Mendengar desah iri dari saudara-saudaranya, seruling itu pun menjawab, suaranya lembut namun dalam: “Hai saudara-saudaraku, dahulu aku pun sama seperti kalian, bambu liar di tepi hutan. Tapi untuk menjadi seperti ini, aku harus rela dilukai. Kakiku dipotong dengan parang tajam. Tubuhku dikikis, dihaluskan dengan pisau hingga perih tak tertahankan. Kulitku disayat, diamplas berkali-kali sampai tak lagi terasa seperti diriku. Dan yang paling menyakitkan, dadaku dilubangi. Dengan bor besi panas yang membakar dan mengoyak. Tapi dari lubang itulah suaraku lahir. Dari luka itulah keindahan mengalun.”
Seketika hening. Sunyi, senyap dengan nafas tertahan. Karena kisah itu bukan hanya tentang seruling dan bambu, tapi tentang hidup yang sejati. Bahwa keindahan tidak lahir dari kenyamanan, tapi dari keberanian untuk terluka dan tetap bersuara. Bahwa pencapaian bukan sekadar hasil akhir, melainkan kesediaan untuk melewati proses panjang yang kadang menyakitkan, namun membentuk. Dan dari pinggir dusun, nyanyian bambu itu terus bergema, mengajarkan kepada dunia, bahwa yang paling indah dari manusia bukan pencapaiannya, tapi proses menjadi dirinya.
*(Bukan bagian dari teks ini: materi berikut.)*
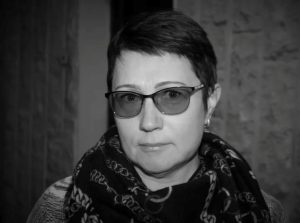 Рождество возвращается в Вифлеем после двух лет войны в Газе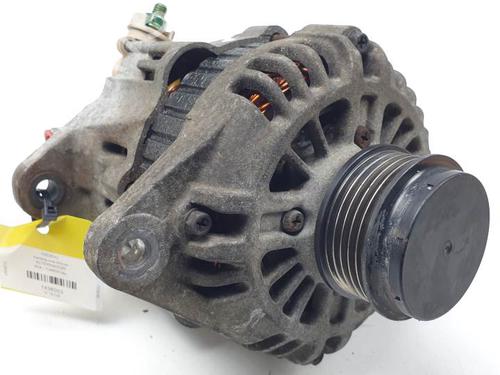 Used Alternator KIA CARNIVAL II (GQ) 2.9 TDi (126 hp) 24932996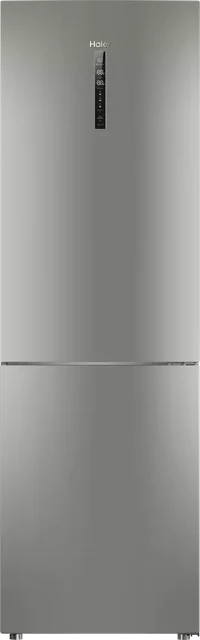 Холодильник Haier C2F636CFRGU1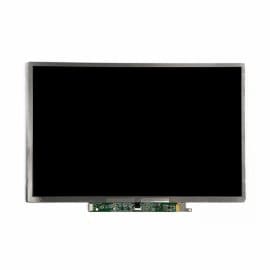 "LCD Panel 12.1""(LTN121W3-L01) slim LED"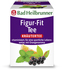 BAD HEILBRUNNER Figur-Fit Tee Filterbeutel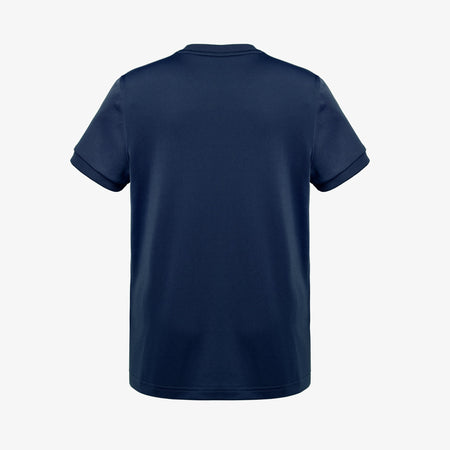 Core Football Shirt Juniors - Navy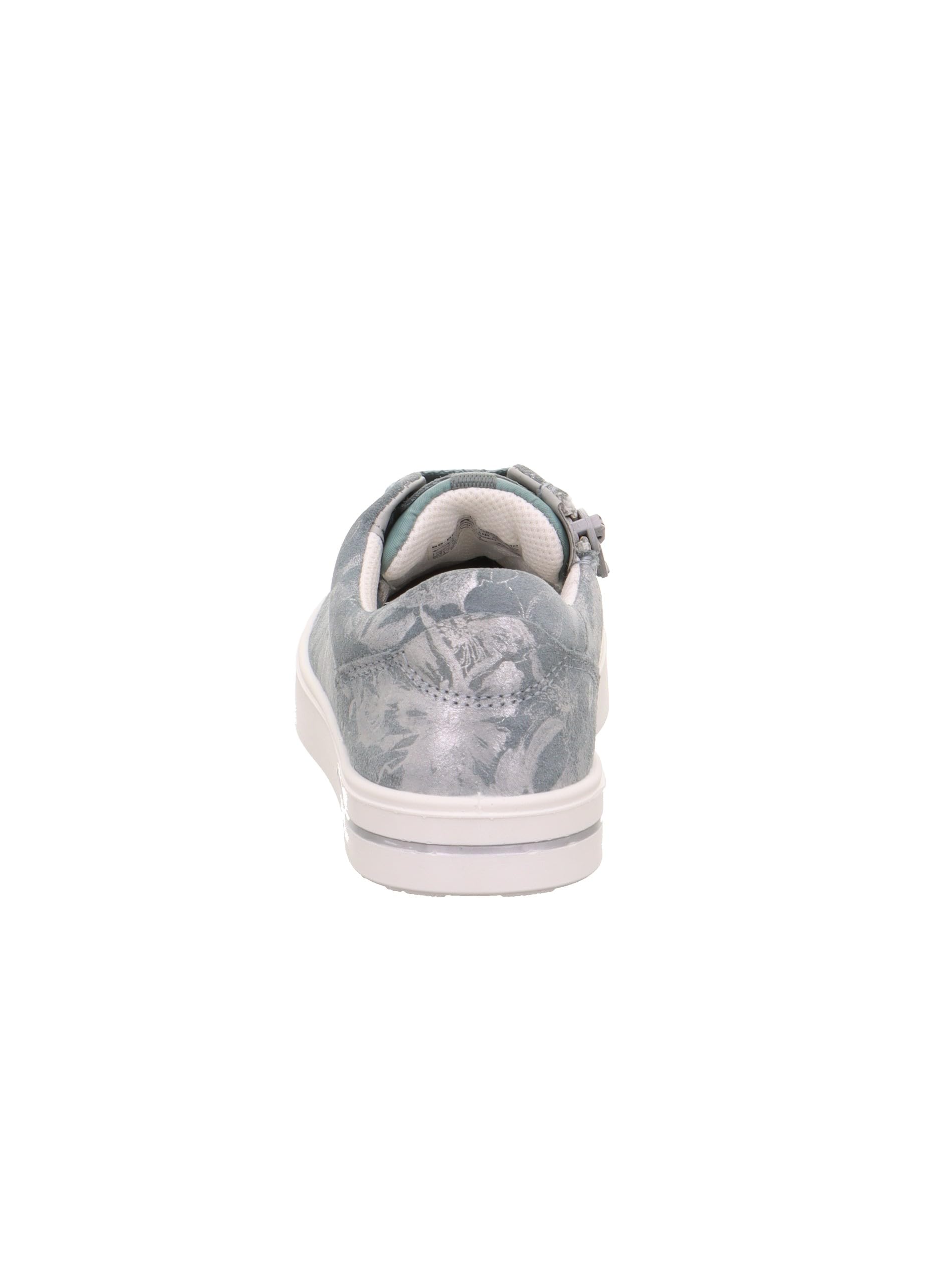 superfit-stella-m-dchen-sneaker-halbschuh image 3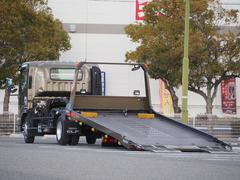 ����եȥ�å� ���Ѻܼ֡����ѣ���������硡��˥å��Σţϣ����������У��ѹ� 0707620A30260127W001 3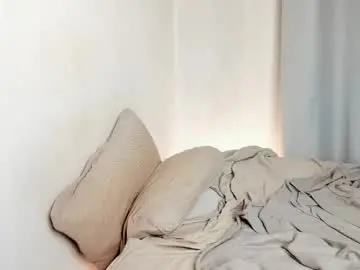 Chaturbate Sex Chat of jame_flow
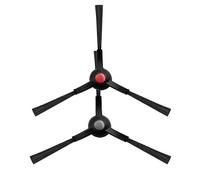 Robot Aspirapolvere Spazzole Laterali per Eufy Per Anker C28 E25 E28 Kit per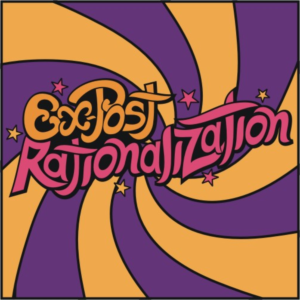 Logo Design by iamrady for this project | Design: #23699012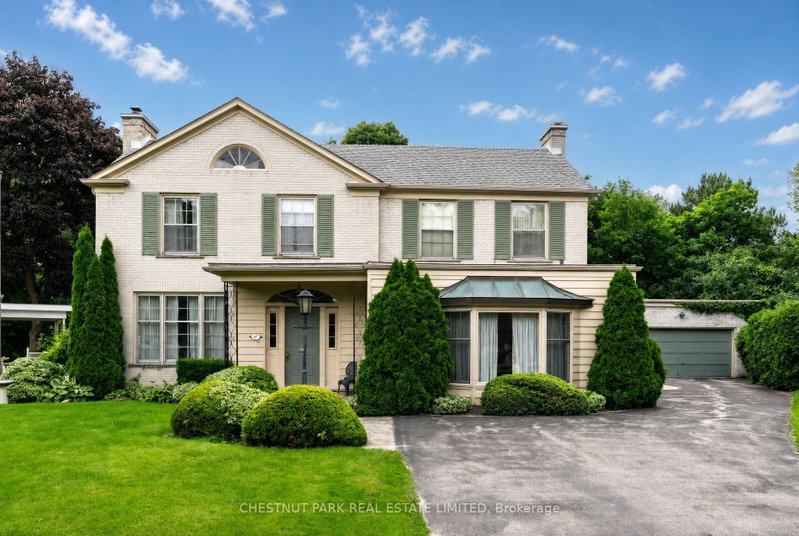 Image of home for listing MLS® C13857004
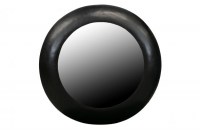 product_large_8714713113064.jpg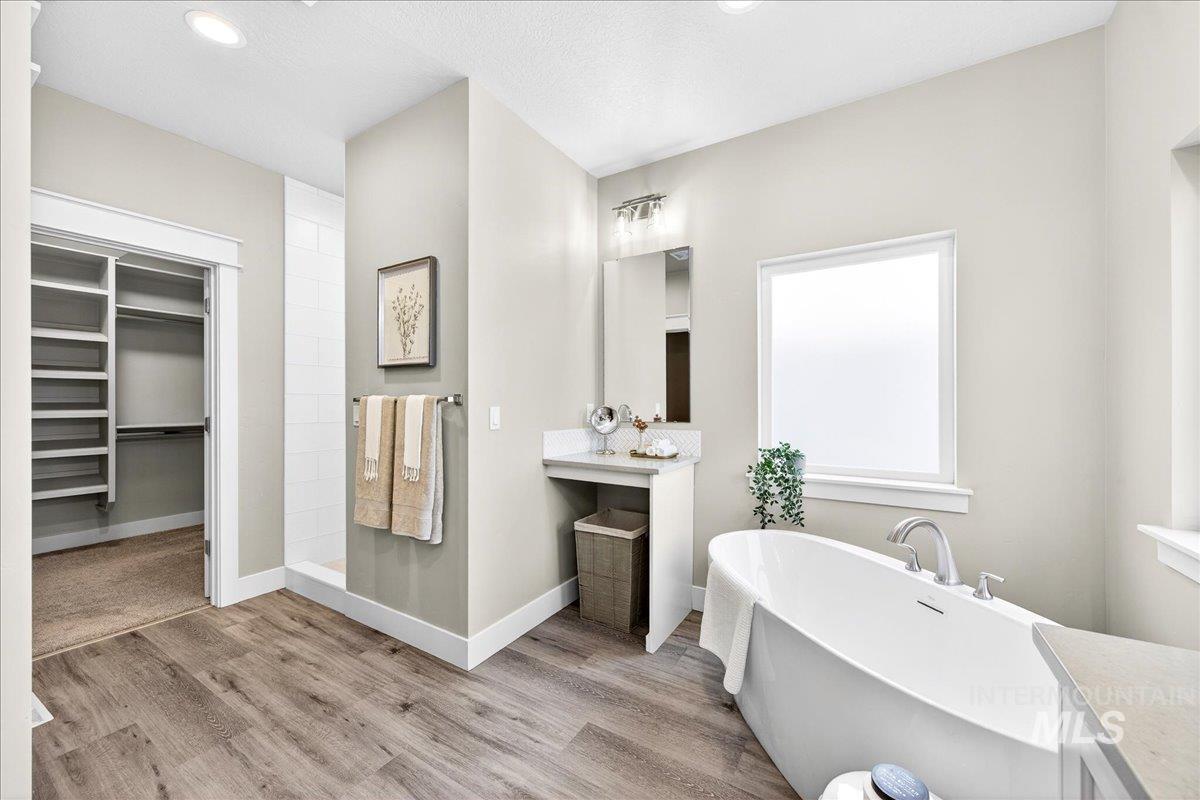 63 S Ravine Way, Nampa, Idaho 83687, 4 Bedrooms, 2 Bathrooms, Residential For Sale, Price $529,000, 98974856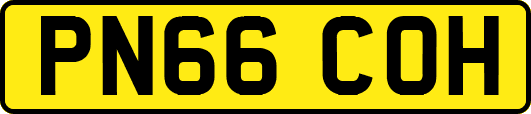 PN66COH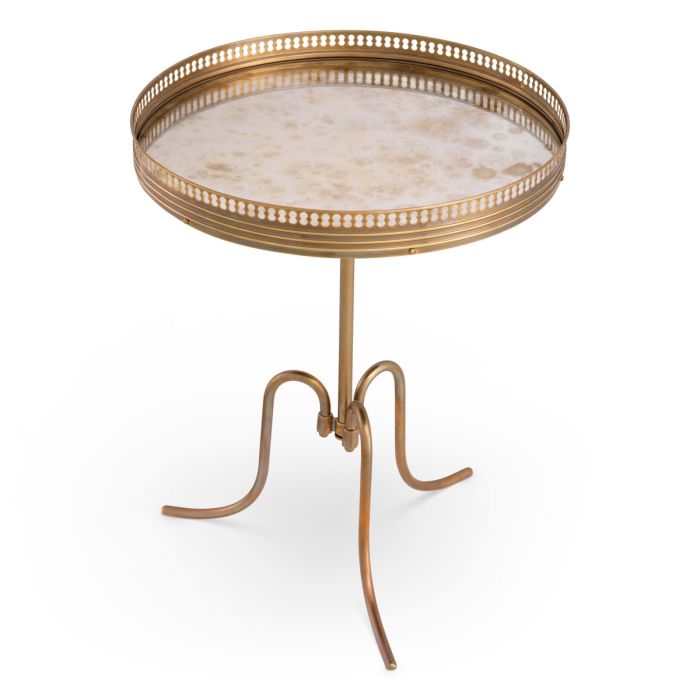 Side Table Classico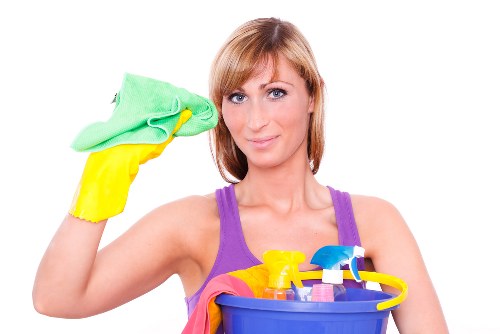 Curtain cleaning in Anerley for fresh and dust-free window treatments
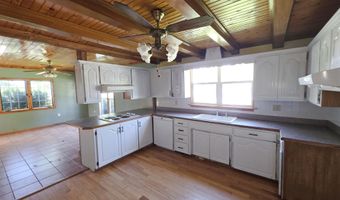 517 S Adams Ave, Aurora, MO 65605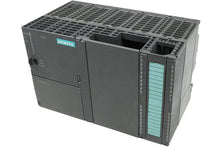 Load image into Gallery viewer, 6FC5310-0DF00-2AA0 Siemens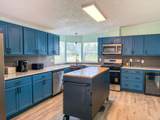 220 N Canal Dr - Photo 18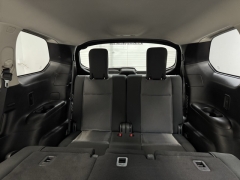 Used 2016 Nissan Pathfinder 4WD 4dr S at AutoCenters Bonne Terre near Bonne Terre, MO
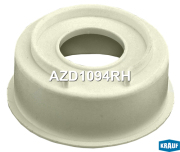 Krauf AZD1094RH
Perjalanan manusia dalam membangun peradabannya, dari masa ke masa, tak ubahnya seperti kisah sang seruling bambu. Tidak ada di antara mereka yang benar-benar berhasil tanpa terlebih dahulu melewati guratan luka, gelombang ujian, dan jalan berliku yang tak selalu tampak mulus. Tidak ada perjalanan yang benar-benar bercahaya tanpa bayang-bayang gelap yang menyertainya. Tak ada kisah sukses yang hanya ditaburi bunga, tanpa terlebih dahulu menginjak duri.
Lihatlah semangat anak-anak muda di berbagai penjuru dunia. Mereka berlari cepat, mengejar mimpi dengan sekolah, kursus, berorganisasi, berburu beasiswa, dan segudang aktivitas lainnya. Energi mereka memancar, disatukan oleh satu keyakinan sederhana namun kuat: “Jika orang lain bisa, mengapa aku tidak?” Keyakinan seperti ini yang sering menjadi pondasi bagi para motivator untuk membakar semangat jutaan orang. Anthony Robbins, misalnya, lewat bukunya Awakening the Giant Within —membangunkan raksasa yang tertidur di dalam diri. Dari jalan ini muncul tiga premis yang sering didengungkan: Pertama, tidak ada istilah tidak bisa. Kedua, potensi dalam diri tak terbatas. Ketiga, semakin tinggi yang dicapai, semakin baik kehidupan yang didapat.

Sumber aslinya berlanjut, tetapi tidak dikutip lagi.